## Exercise
Reproduce only the lines below from the line containing "Full Spectrum LED" to the line containing "Maje Sandalen met meerdere bandjes Zwart", exactly as written, with both end lines kept. Omit the pictures.

## Exercise data

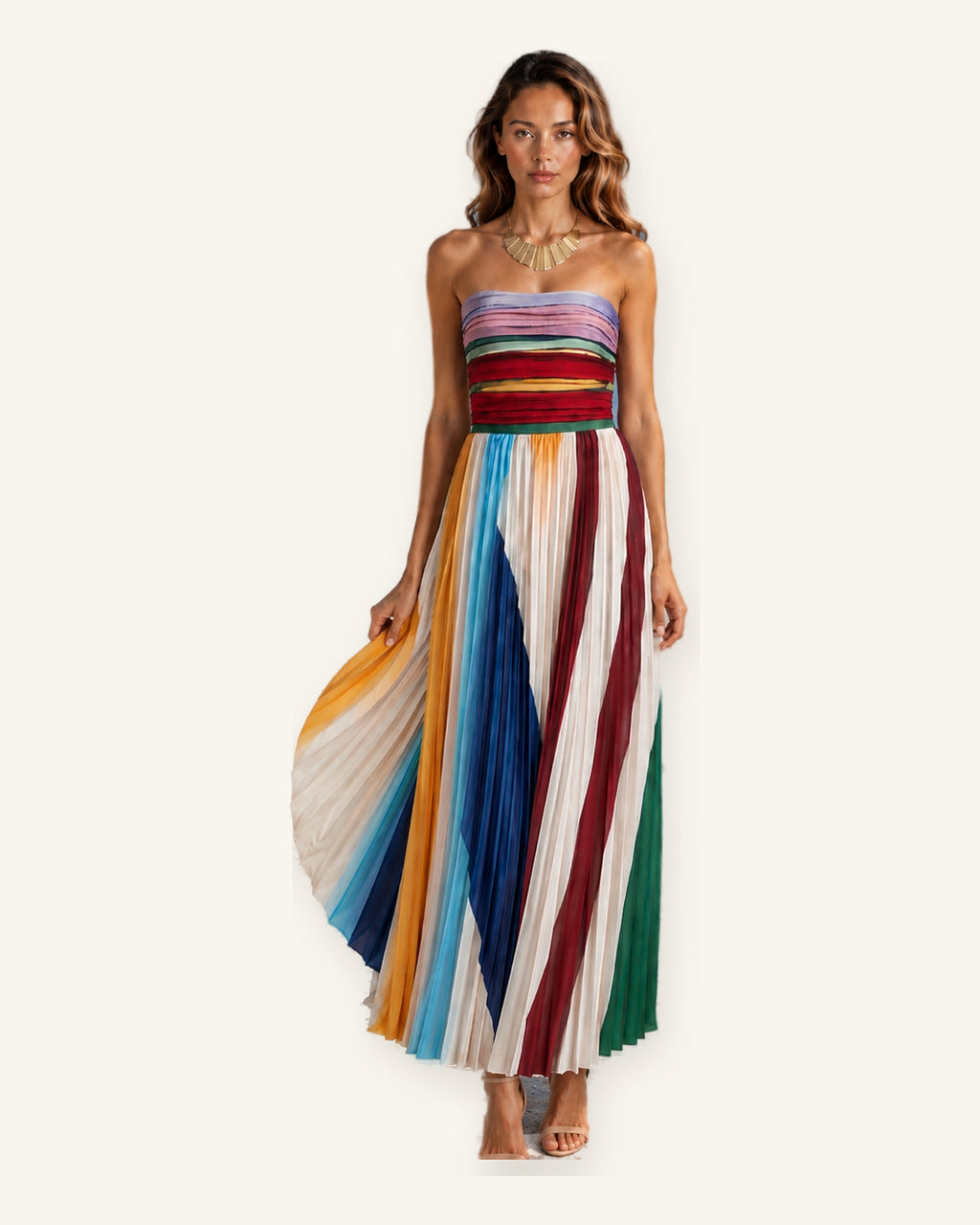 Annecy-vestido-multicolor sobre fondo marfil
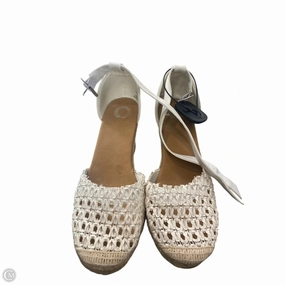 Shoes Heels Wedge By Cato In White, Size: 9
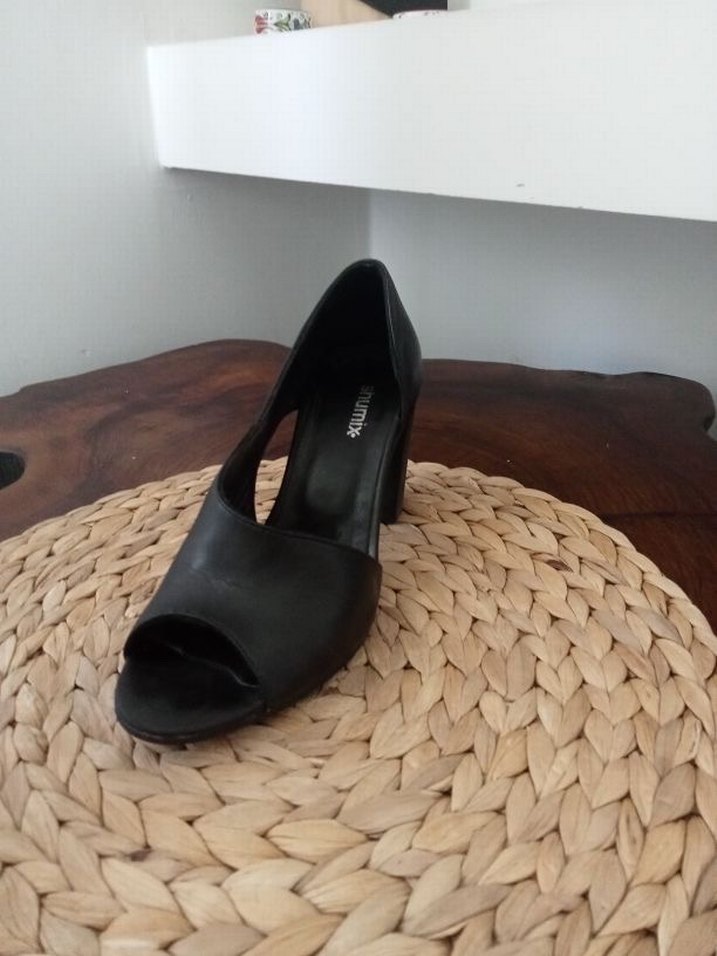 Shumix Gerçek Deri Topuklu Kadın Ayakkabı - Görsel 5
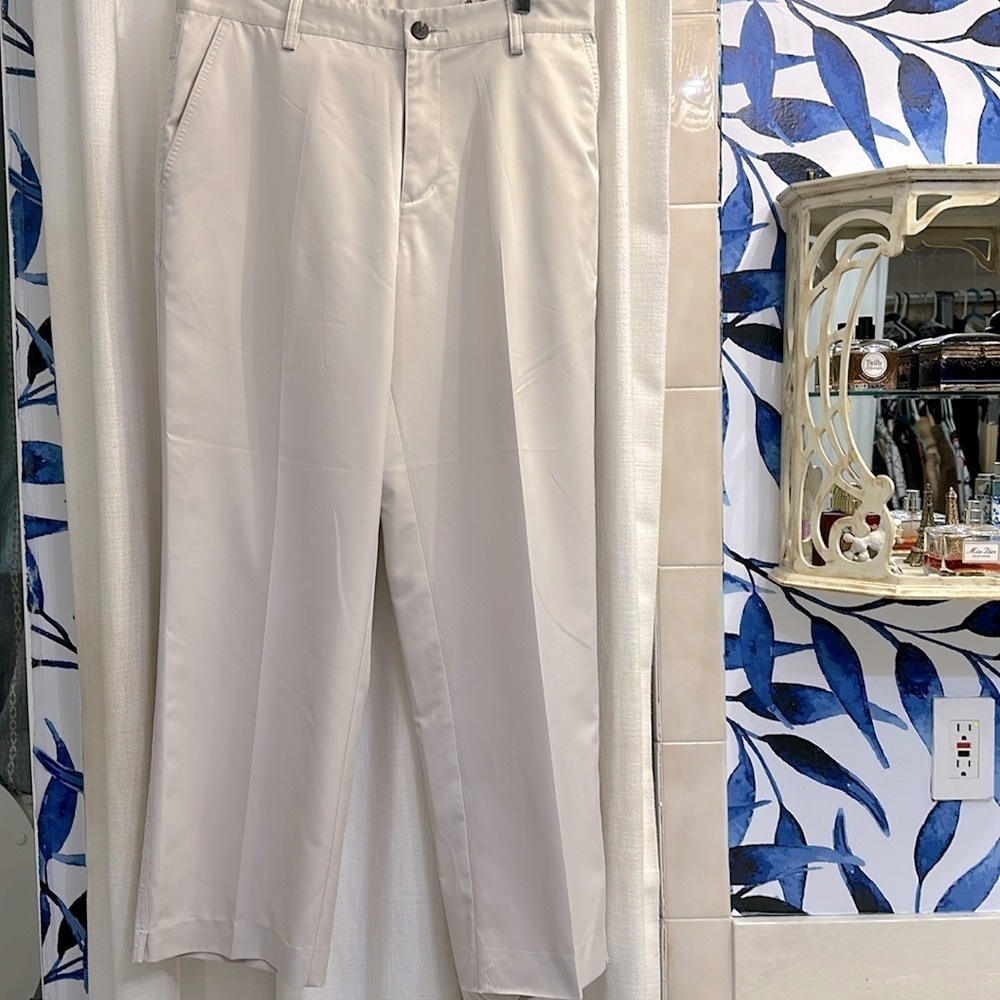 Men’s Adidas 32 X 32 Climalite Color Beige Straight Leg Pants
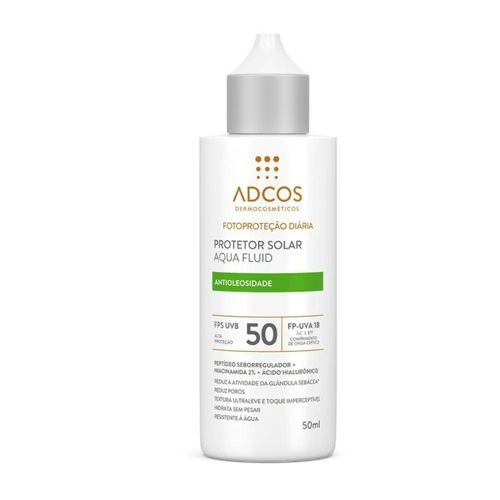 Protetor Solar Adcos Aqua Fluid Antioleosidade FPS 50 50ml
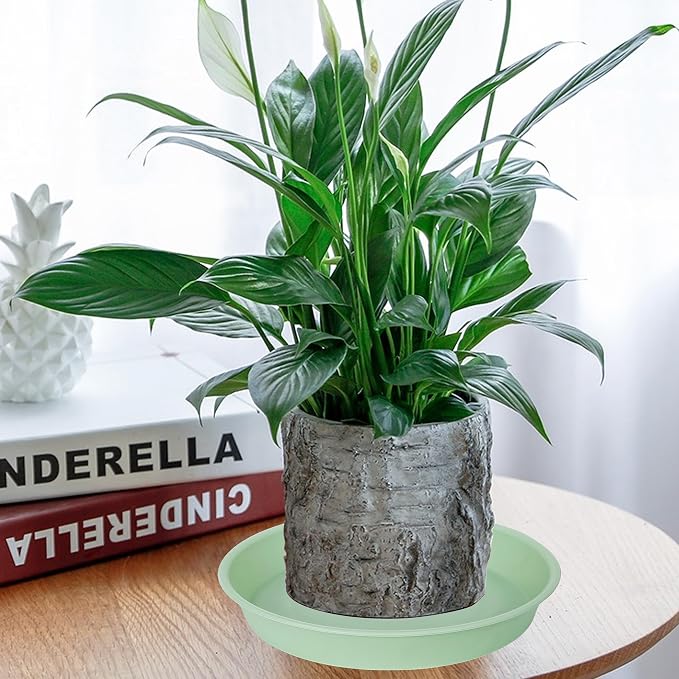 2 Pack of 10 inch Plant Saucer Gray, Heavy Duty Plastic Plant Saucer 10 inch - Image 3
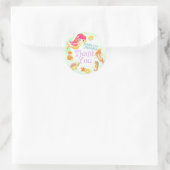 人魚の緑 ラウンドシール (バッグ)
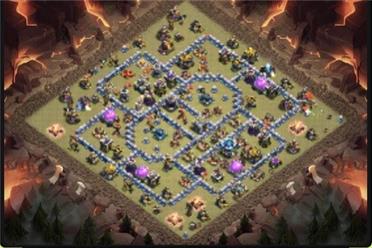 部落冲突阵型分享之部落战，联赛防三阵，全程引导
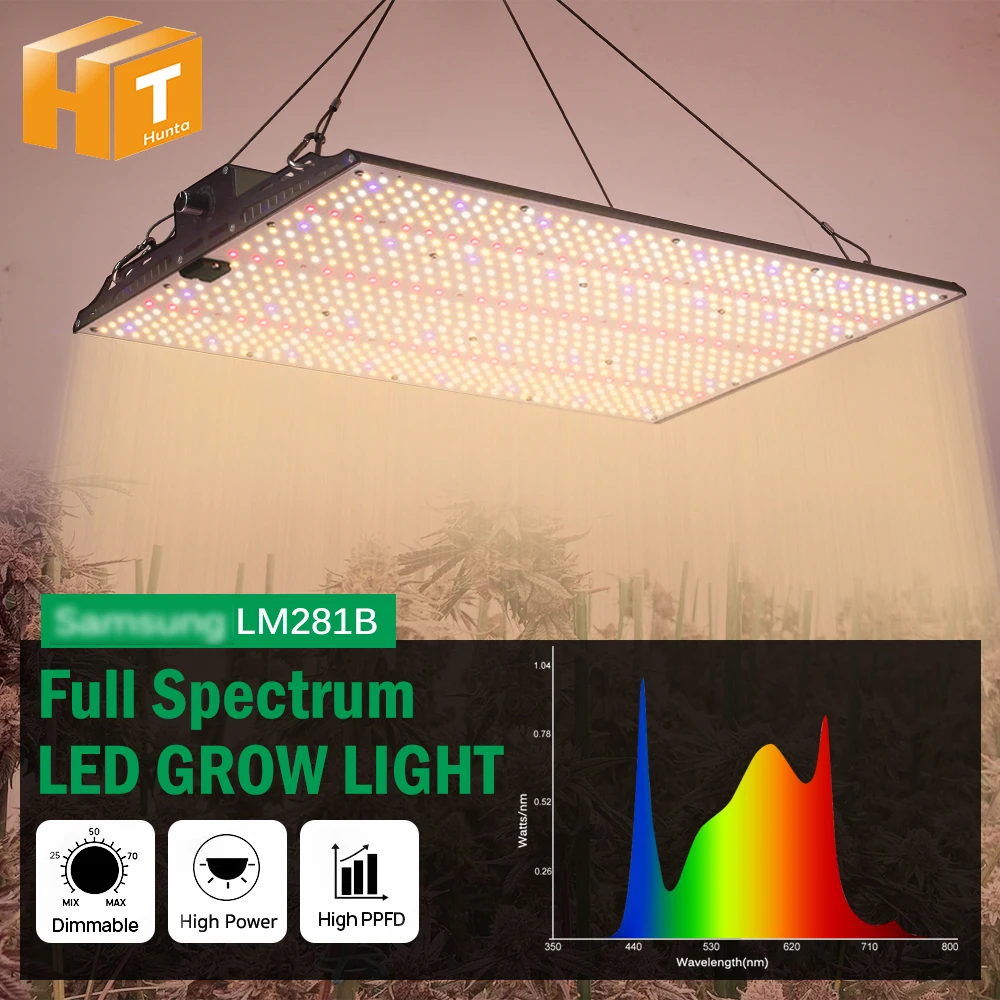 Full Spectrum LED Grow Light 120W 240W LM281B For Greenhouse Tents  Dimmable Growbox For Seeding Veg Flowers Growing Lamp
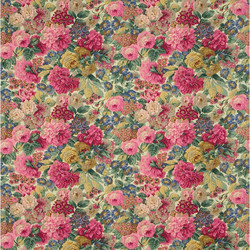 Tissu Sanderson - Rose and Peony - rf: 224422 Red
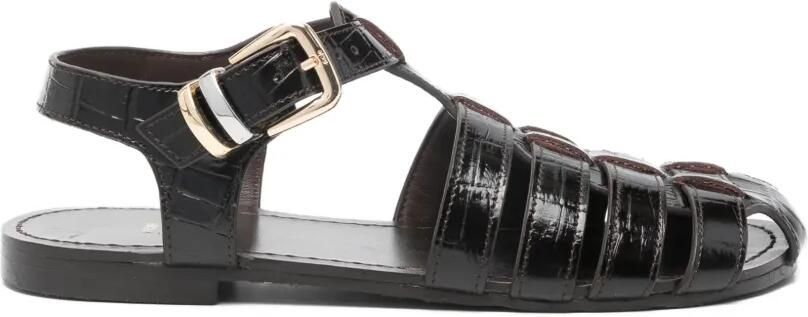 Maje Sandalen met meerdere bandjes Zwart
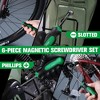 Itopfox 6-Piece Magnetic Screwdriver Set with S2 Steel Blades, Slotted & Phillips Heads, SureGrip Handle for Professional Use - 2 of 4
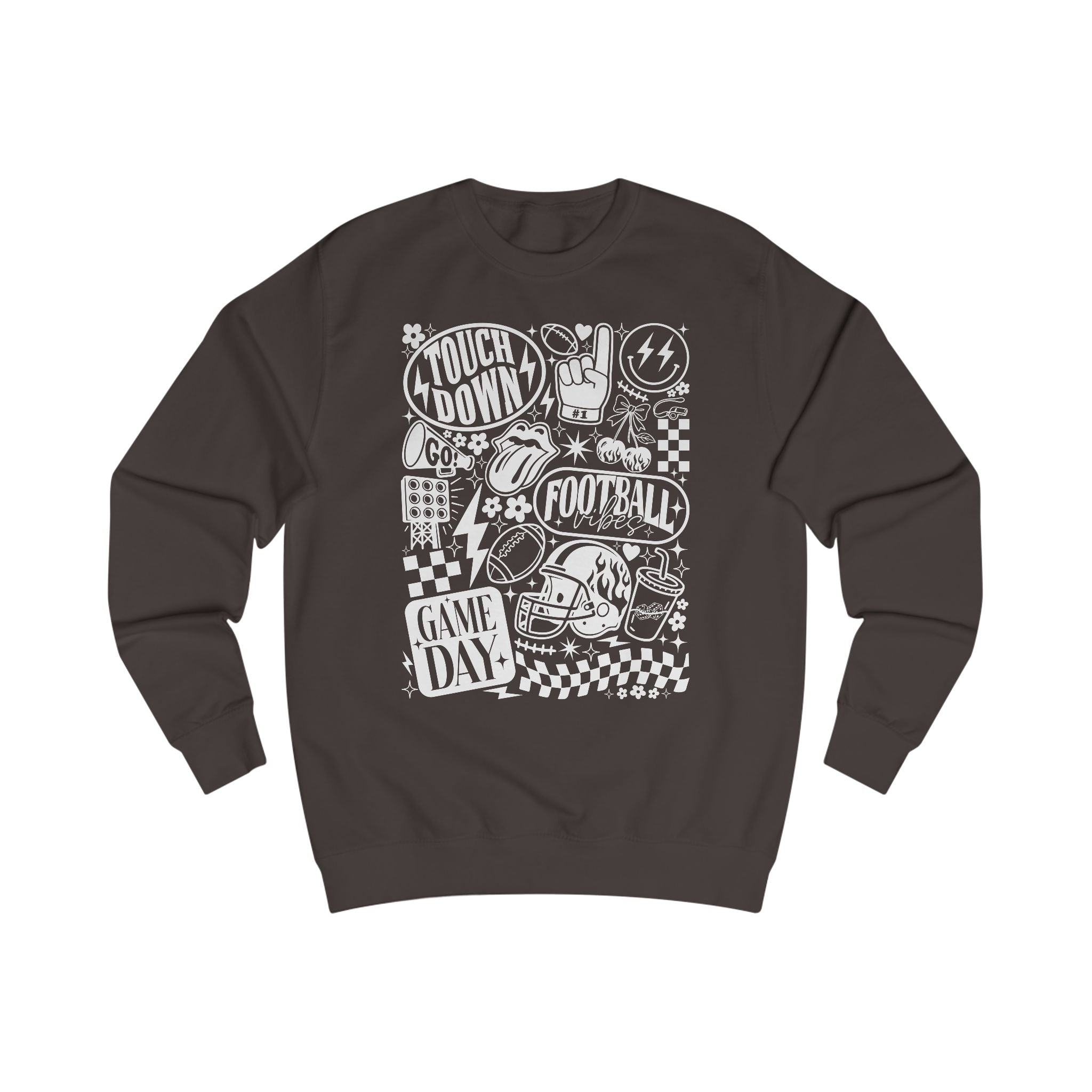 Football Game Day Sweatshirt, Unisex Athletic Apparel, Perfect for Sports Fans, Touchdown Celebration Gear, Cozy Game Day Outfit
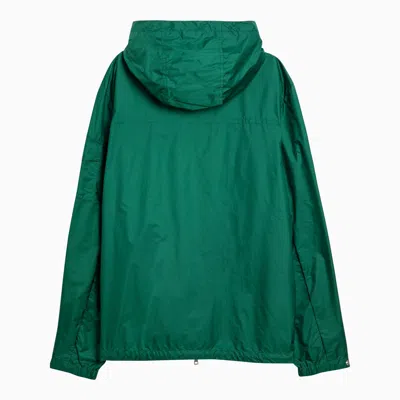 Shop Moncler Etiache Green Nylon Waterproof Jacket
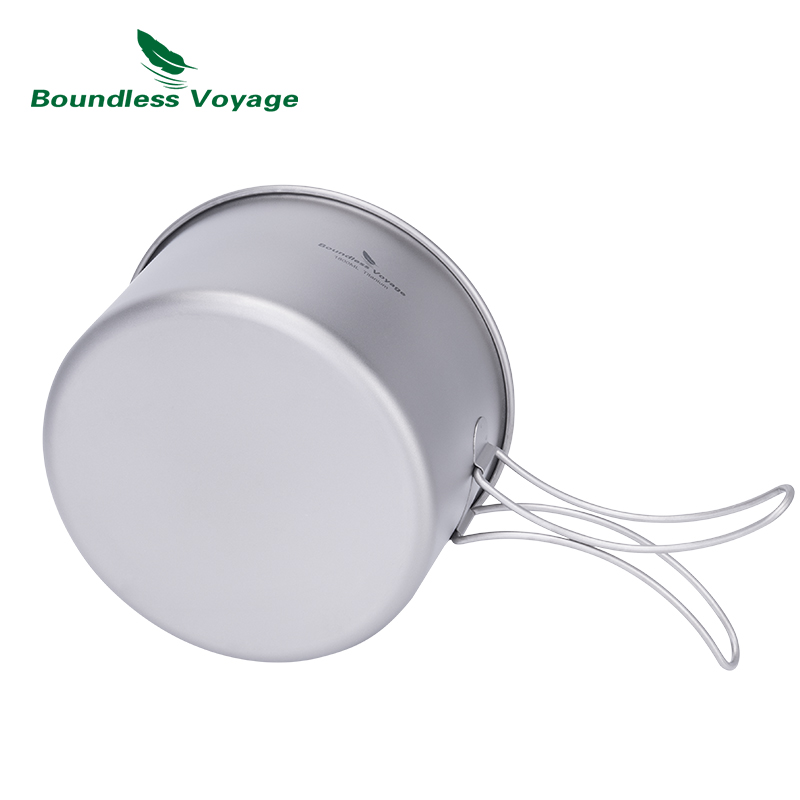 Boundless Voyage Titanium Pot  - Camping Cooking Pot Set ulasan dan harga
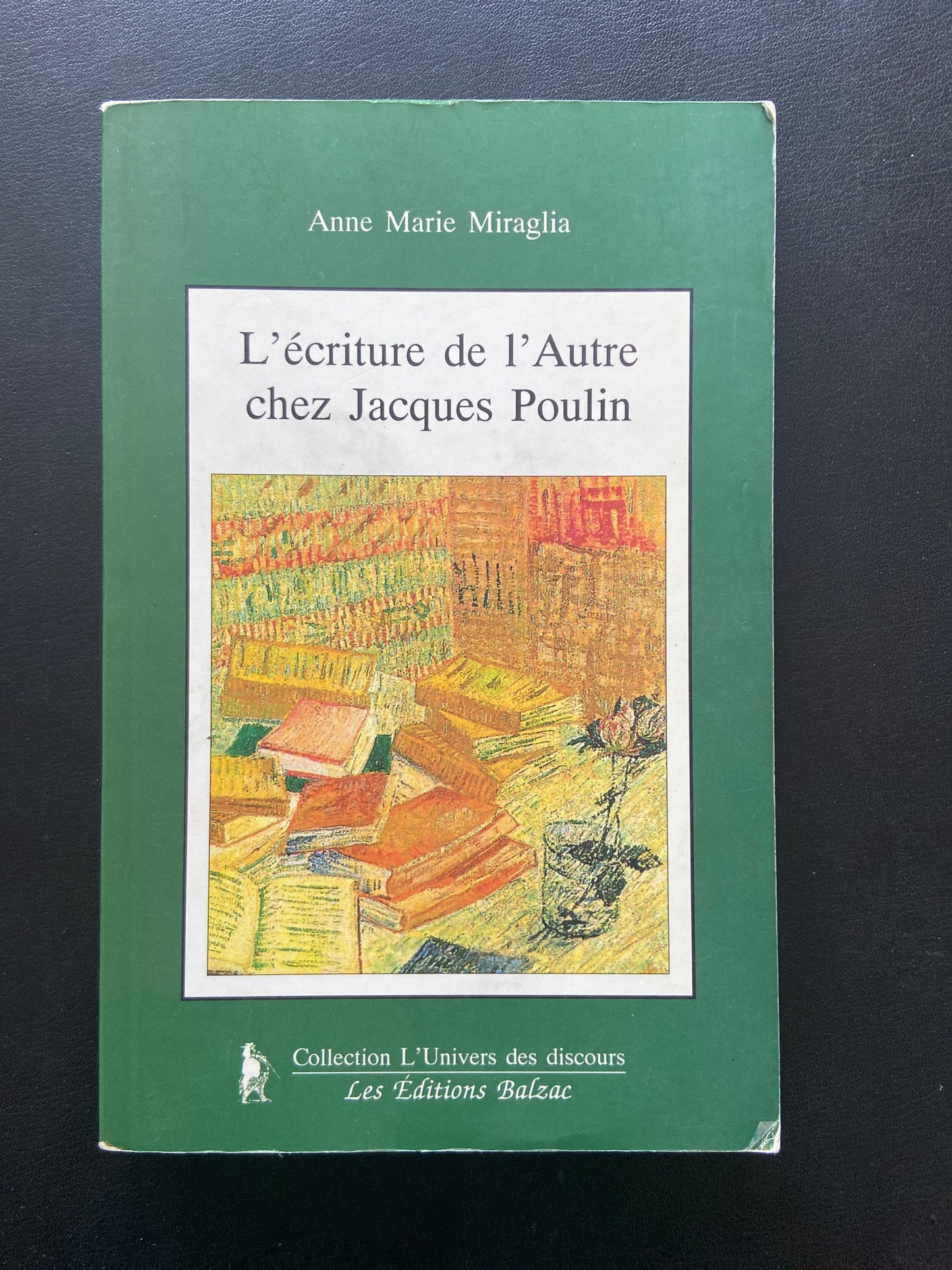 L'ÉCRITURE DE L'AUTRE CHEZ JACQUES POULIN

## Solution for this task
 Full Spectrum LED Grow Light 120W 240W LM281B For Greenhouse Tents  Dimmable Growbox For Seeding Veg Flowers Growing Lamp
 Tissu Sanderson - Rose and Peony - rf: 224422 Red
 Maje Sandalen met meerdere bandjes Zwart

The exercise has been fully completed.